Noble’s first conviction was in 1978 for committing oral copulation with a 7-year-old Redondo Beach girl and masturbating in front of three girls at a Redondo Beach elementary schoolyard.
He was sentenced to six years and four months in prison but, as a mentally disordered sex offender, was sent to a state hospital. He escaped and was captured, but not before he had molested a 6-year-old girl behind a garage near her house, Sulman said.
He pleaded guilty in September, 1978, to that offense. He was paroled in 1981, but spent most of the next three years in prison for parole violations, she said.
In 1984, he was convicted on six counts of felony child molestation and two counts of attempted kidnaping after he tried to lure two Hawthorne girls into his car.
Noble was sentenced to six years and two months in prison. He was first paroled in 1987, but was returned to prison three times in the next 2 1/2 years for violating his parole, almost always for approaching young children, Sulman said.
His parole in April to Hawthorne so outraged residents that officials were forced to move him to a board-and-care home in Long Beach. When local media began publicizing his new address, parole officials moved him again, this time to a halfway house in Inglewood, where he was living when he was arrested.
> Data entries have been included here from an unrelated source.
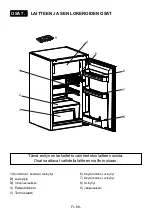 Preview for 71 page of Gram KFI 300851 User Manual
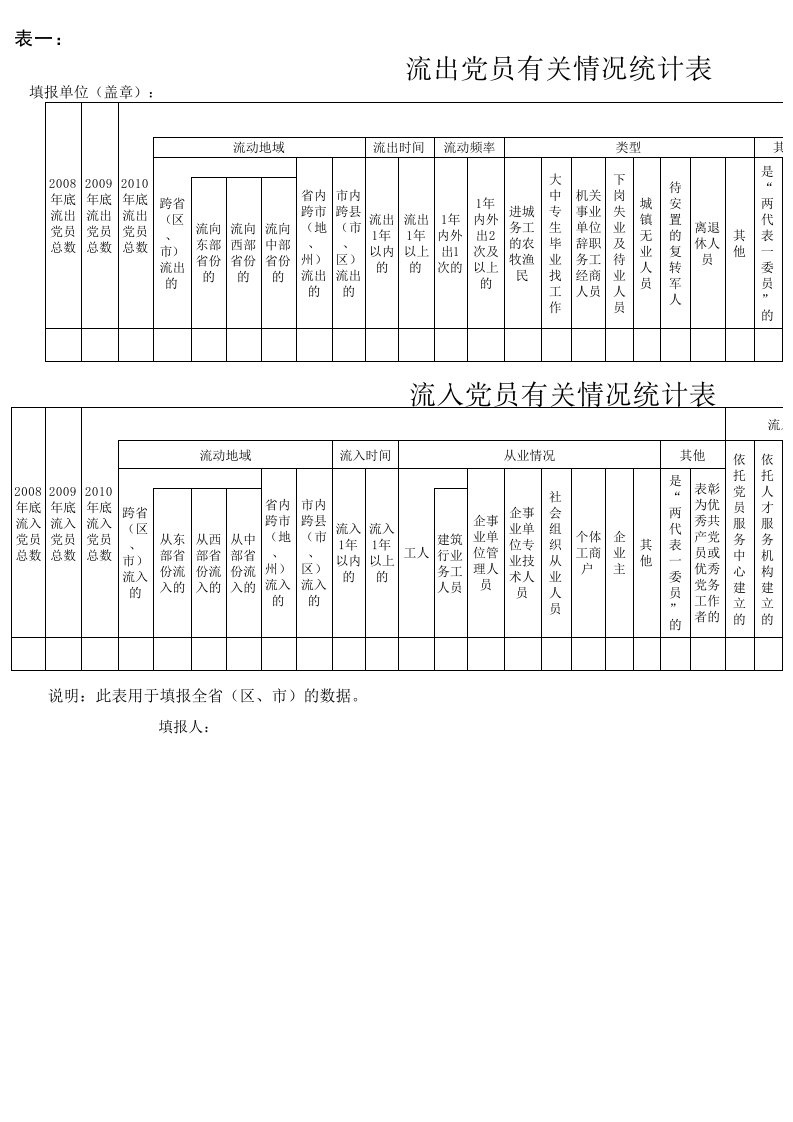 (表一)流动党员有关情况统计表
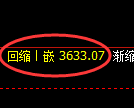 燃油期货:试仓高点,精准展开极端回落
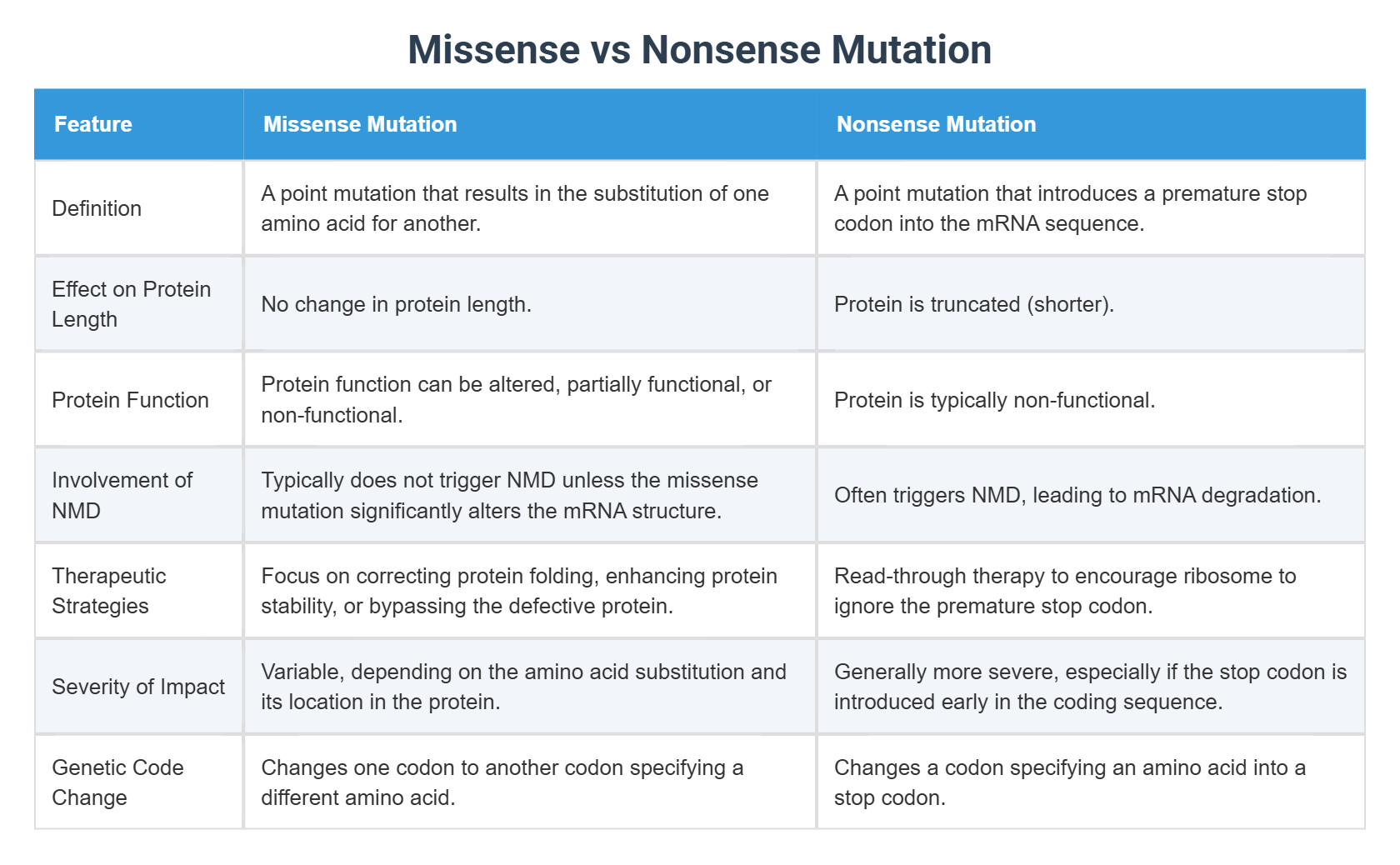 Missense vs Nonsense Mutation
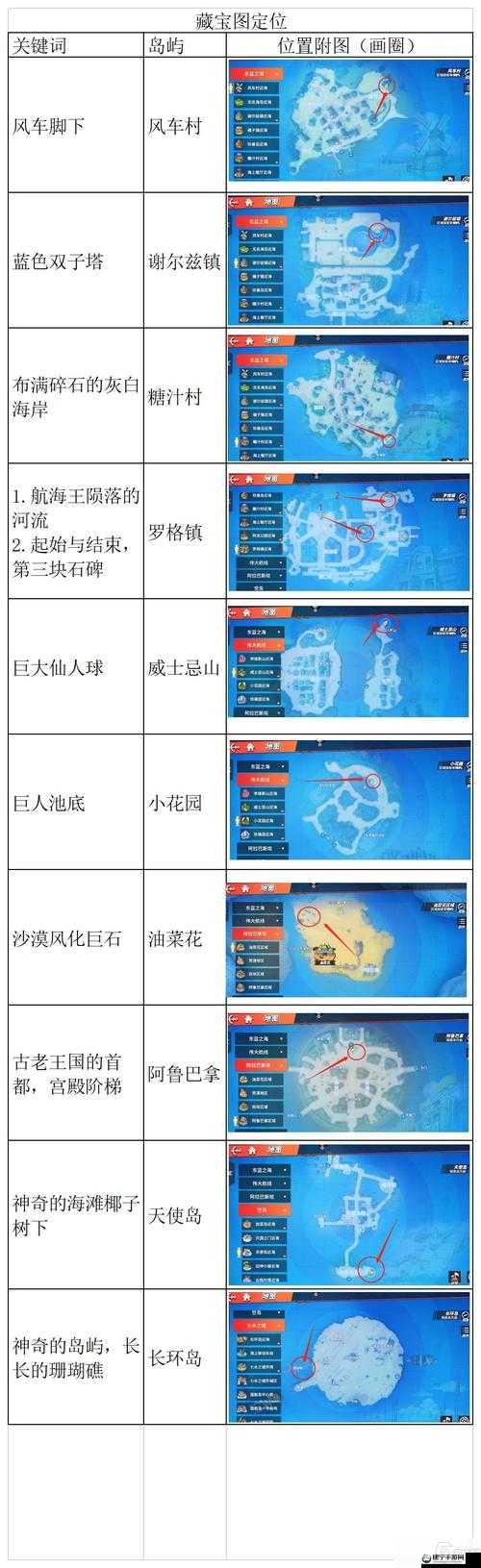 航海王热血航线：守望港口四兄弟位置全揭秘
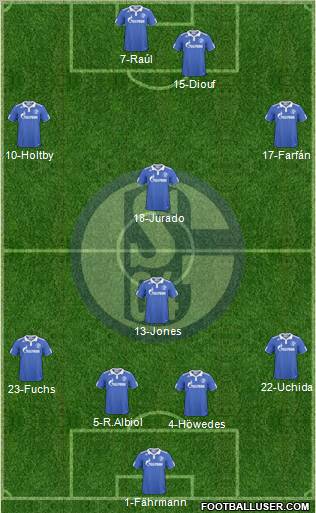 FC Schalke 04 Formation 2011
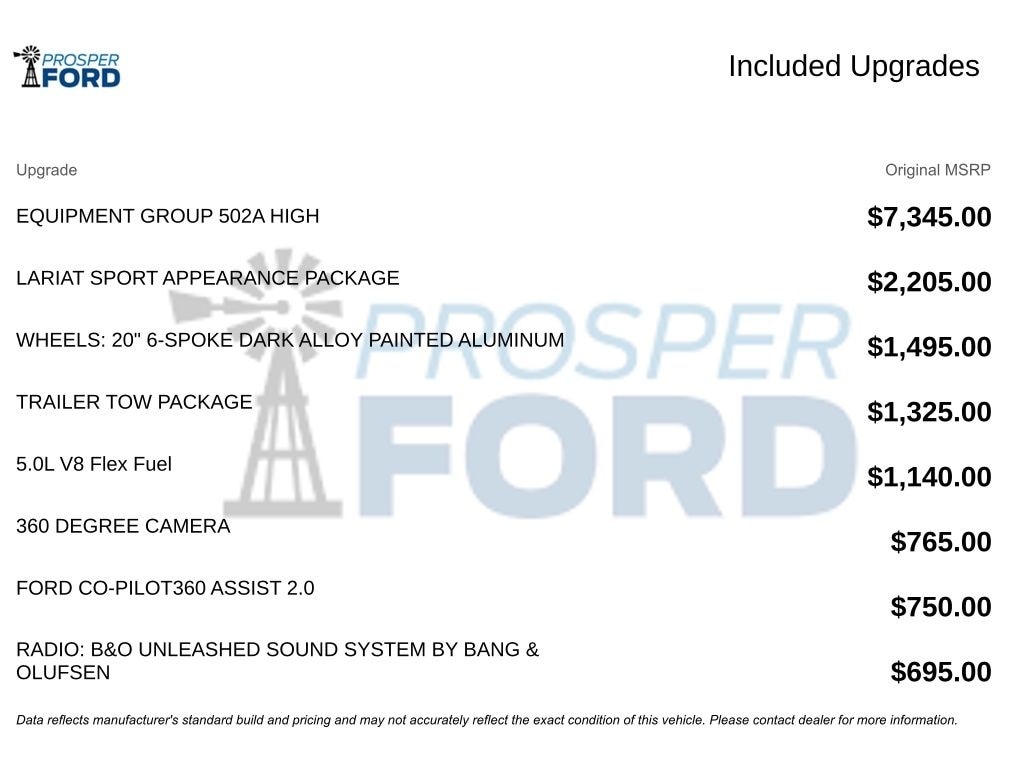 Used 2022 Ford F-150 Lariat Truck SuperCrew Cab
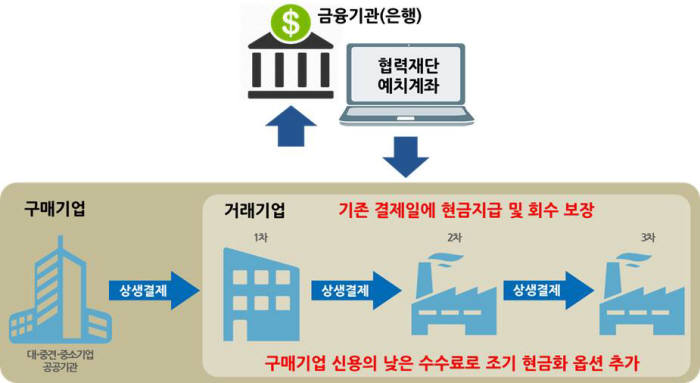 상생결제 흐름도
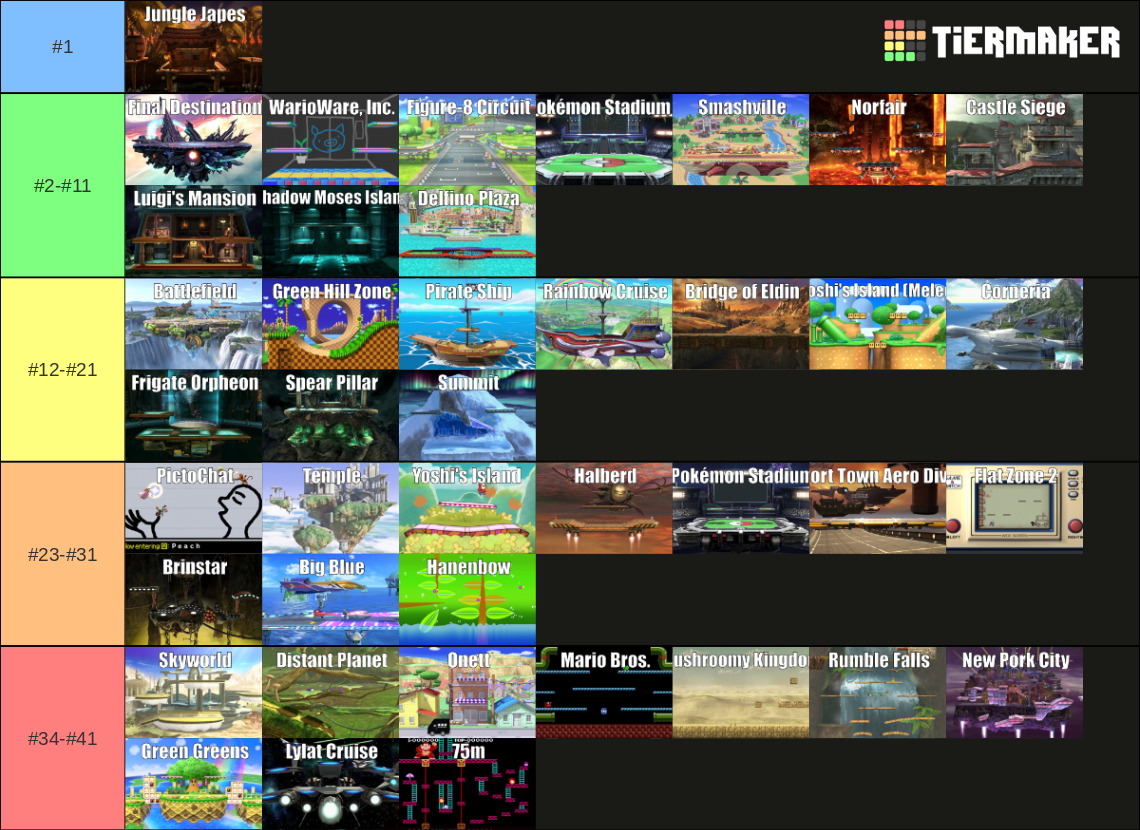 Every Super Smash Bros Stage Tier List (community Rankings) - Tiermaker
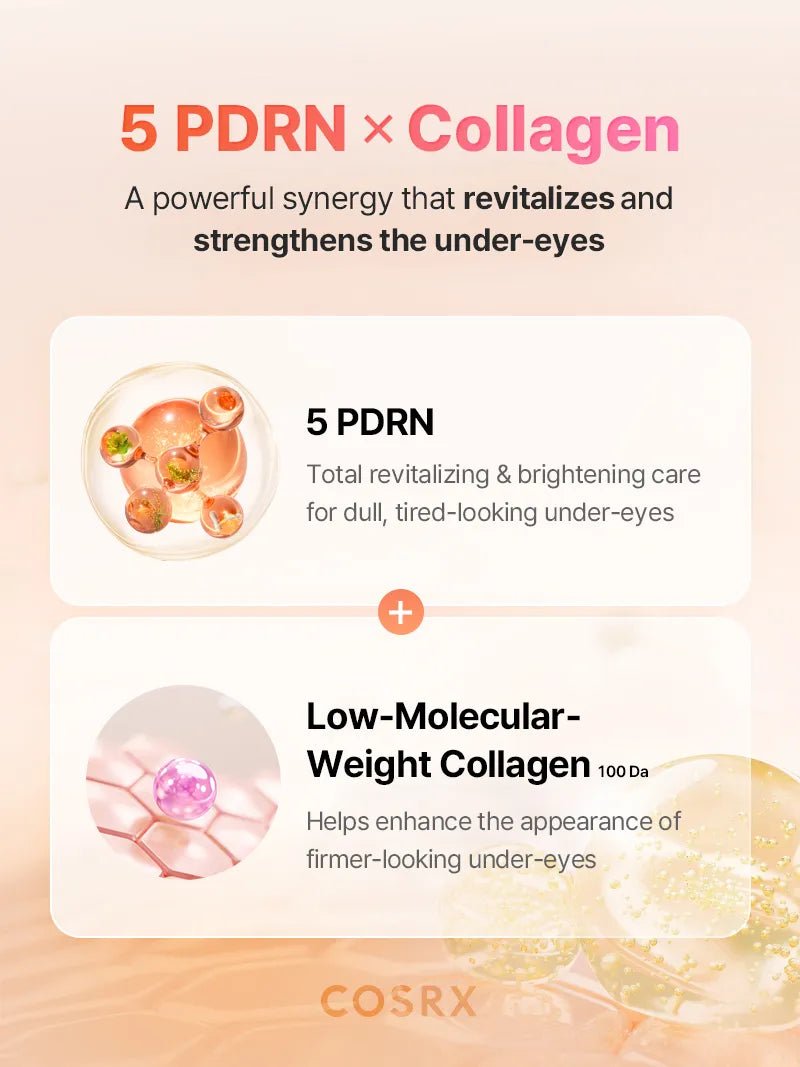 COSRX 5 PDRN Collagen Eye Patches Brightening Dark Circles 60 patches 15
Noble’s parole agent, Nancy Anderson, said he had often spoken about wanting to change and expressed interest in receiving medication to control his impulses. She described spending a good deal of time talking to him and said she was “disappointed” at news of the arrest.
Noble “was basically afraid to talk to anybody” and that included his best friend, a born-again Christian with children.
“He was very frustrated this time because he couldn’t get a job because he was all over the news and he had this idea people were following him,” she said.